Pour répondre à Isabelle Debré sur la question du logement commun, il est le plus souvent insupportable, pour une femme battue, de devoir quitter le domicile conjugal, lequel reste alors utilisé par le mari. Il faut donc effectivement éloigner en priorité celui-ci. Le juge peut ensuite attribuer le logement à la victime de violences, sauf si celle-ci exprime la volonté, assez fréquente, de déménager.

La loi ne dit pas assez que la violence sur le conjoint atteint aussi les enfants. Parmi les enfants de couples violents, 70 % sont traumatisés à vie : un tiers d'entre eux développe une psychopathologie, un tiers s'en sort sans gros dommages grâce à la résilience, un tiers reproduit ce qu'il a vu et devient violent lui-même.
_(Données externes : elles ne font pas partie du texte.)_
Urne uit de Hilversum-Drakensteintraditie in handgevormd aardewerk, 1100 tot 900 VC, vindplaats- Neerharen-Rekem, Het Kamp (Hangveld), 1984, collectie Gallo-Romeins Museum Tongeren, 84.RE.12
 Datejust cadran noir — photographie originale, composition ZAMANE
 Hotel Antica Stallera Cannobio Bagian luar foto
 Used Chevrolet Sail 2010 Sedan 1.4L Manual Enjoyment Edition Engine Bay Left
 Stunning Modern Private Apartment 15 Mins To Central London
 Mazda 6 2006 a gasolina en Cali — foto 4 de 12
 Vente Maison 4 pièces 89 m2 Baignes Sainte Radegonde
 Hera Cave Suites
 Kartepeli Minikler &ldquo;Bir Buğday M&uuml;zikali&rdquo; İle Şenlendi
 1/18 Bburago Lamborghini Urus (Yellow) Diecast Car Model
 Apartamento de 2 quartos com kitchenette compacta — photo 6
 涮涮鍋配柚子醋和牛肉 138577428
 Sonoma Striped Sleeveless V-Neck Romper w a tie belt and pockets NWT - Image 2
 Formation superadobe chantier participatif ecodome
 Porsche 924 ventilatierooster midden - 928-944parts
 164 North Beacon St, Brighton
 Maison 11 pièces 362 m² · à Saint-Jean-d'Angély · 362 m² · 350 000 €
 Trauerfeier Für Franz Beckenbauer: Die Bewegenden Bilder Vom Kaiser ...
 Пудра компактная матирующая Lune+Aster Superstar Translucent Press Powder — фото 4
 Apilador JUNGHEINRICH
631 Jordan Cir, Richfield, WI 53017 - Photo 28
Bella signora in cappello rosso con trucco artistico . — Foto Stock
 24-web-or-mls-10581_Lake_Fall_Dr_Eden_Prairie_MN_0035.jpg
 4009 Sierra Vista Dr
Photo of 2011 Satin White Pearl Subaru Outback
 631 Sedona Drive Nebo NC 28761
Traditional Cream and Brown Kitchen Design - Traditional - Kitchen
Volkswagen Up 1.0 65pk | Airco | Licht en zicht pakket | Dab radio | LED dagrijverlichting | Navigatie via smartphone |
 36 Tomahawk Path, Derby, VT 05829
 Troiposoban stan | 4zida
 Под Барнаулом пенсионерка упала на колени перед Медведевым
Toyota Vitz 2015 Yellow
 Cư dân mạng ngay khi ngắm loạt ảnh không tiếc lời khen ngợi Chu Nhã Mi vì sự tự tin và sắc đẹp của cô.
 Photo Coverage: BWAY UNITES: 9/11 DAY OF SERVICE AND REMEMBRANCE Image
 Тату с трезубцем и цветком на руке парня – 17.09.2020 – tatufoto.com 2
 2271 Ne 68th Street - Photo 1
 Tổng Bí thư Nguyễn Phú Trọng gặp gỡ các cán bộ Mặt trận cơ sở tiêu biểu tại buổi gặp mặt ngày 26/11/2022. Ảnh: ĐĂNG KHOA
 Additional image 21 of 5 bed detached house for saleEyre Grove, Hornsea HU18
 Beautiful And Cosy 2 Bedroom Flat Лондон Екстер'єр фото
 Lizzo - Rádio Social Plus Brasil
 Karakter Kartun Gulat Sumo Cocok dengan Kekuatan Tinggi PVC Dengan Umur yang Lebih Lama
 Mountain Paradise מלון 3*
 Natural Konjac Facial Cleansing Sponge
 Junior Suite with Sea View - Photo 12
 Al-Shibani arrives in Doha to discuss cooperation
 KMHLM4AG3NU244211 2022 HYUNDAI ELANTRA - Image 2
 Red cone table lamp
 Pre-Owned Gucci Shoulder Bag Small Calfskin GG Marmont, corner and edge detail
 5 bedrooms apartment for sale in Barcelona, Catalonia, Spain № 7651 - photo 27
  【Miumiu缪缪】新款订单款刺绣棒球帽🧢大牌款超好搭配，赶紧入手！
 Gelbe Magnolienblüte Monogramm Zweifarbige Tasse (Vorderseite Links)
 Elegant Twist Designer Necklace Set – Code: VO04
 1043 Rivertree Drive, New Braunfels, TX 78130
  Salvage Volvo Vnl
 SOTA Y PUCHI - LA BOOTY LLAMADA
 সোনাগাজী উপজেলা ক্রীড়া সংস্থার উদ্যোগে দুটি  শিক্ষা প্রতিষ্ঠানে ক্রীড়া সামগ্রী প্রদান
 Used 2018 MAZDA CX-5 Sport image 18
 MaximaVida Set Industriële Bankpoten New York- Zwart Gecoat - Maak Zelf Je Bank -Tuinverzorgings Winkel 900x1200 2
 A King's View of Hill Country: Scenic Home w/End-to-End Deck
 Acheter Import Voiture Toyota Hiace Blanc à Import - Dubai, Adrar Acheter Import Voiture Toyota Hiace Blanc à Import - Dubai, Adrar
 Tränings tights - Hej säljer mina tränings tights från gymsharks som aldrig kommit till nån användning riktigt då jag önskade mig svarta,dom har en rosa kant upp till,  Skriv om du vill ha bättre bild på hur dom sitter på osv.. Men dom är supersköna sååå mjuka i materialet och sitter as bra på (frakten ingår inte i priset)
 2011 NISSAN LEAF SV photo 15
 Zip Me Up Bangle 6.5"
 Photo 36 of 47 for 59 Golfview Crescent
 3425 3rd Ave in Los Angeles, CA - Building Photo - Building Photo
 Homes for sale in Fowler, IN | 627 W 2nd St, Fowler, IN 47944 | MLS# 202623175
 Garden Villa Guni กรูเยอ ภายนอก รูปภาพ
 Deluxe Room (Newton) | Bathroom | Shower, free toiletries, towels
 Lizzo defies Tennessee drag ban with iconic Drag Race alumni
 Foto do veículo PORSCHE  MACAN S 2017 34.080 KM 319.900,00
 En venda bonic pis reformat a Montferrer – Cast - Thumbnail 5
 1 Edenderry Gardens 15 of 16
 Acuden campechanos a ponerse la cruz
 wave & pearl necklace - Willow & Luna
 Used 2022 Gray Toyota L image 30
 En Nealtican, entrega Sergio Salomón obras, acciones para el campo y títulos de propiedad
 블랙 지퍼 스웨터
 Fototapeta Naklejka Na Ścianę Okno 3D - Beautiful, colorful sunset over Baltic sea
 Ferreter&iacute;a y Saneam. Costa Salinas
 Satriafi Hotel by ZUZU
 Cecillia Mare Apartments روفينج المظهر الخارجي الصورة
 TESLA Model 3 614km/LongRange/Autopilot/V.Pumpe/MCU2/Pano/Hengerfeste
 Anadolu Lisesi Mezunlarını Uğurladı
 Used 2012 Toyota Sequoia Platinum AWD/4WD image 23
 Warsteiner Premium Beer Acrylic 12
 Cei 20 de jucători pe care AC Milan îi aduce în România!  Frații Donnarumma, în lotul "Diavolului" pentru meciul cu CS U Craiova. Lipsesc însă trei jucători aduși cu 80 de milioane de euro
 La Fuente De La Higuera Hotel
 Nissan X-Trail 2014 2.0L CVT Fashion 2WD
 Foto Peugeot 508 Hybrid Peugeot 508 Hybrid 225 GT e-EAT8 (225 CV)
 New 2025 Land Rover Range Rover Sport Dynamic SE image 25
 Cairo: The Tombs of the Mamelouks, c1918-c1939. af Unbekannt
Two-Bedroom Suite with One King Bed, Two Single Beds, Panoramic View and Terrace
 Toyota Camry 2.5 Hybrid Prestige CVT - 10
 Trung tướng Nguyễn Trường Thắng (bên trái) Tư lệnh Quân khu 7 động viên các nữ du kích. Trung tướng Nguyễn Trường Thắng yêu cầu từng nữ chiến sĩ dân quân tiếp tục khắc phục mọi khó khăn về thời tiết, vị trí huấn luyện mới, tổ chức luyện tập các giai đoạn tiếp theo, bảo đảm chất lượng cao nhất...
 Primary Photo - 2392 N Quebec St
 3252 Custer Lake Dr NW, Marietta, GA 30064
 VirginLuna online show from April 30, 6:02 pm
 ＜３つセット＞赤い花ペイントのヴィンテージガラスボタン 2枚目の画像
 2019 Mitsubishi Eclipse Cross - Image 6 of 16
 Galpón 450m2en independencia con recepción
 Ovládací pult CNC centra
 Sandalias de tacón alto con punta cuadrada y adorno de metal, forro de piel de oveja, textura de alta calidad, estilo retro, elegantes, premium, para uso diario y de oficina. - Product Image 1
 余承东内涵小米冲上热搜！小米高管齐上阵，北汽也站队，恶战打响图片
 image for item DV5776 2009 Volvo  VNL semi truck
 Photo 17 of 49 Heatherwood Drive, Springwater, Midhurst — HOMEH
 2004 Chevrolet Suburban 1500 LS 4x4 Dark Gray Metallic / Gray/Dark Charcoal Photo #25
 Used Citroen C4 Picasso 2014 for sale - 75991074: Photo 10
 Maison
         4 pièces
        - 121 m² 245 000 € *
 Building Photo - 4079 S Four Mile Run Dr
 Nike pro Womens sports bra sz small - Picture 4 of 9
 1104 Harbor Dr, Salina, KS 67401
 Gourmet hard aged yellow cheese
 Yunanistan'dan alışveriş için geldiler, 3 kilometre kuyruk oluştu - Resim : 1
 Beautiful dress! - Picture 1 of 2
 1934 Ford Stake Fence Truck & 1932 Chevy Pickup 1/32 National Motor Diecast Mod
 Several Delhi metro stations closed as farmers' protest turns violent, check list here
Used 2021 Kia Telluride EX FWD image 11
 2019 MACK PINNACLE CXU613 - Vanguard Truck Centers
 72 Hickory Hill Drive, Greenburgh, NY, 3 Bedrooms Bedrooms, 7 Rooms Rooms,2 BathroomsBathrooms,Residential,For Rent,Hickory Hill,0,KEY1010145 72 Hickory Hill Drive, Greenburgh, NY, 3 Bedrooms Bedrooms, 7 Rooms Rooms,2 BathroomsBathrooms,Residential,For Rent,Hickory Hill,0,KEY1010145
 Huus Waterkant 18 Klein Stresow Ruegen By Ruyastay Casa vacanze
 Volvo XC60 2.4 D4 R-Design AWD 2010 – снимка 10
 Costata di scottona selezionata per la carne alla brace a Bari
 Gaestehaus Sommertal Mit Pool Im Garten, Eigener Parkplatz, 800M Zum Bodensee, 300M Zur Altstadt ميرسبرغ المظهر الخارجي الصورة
Or, le juge en charge d'un divorce peut accorder un droit de visite au père, sans même savoir que des violences ont eu lieu contre la mère. A ce propos, je voudrais mentionner un cas extrême dont j'ai eu connaissance : un père de trois enfants, nés d'une précédente union et placés, a eu un quatrième enfant avec une autre jeune femme, dont il vient de se séparer, dans un contexte de violence conjugale ; la garde de ce dernier enfant n'a pas été traitée par le juge qui s'occupait des trois premiers : c'est ahurissant ! Les magistrats devraient au moins s'informer mutuellement !

Je ne suis pas hostile à l'intervention des services sociaux, mais sous réserve de formation, car il ne faut pas confondre cette situation avec celle des enfants maltraités.

Gilbert Barbier a suggéré que les médecins aient l'obligation de signaler les violences psychologiques dont ils ont connaissance. J'ai posé la même question et j'indique que le conseil de l'ordre y est formellement opposé.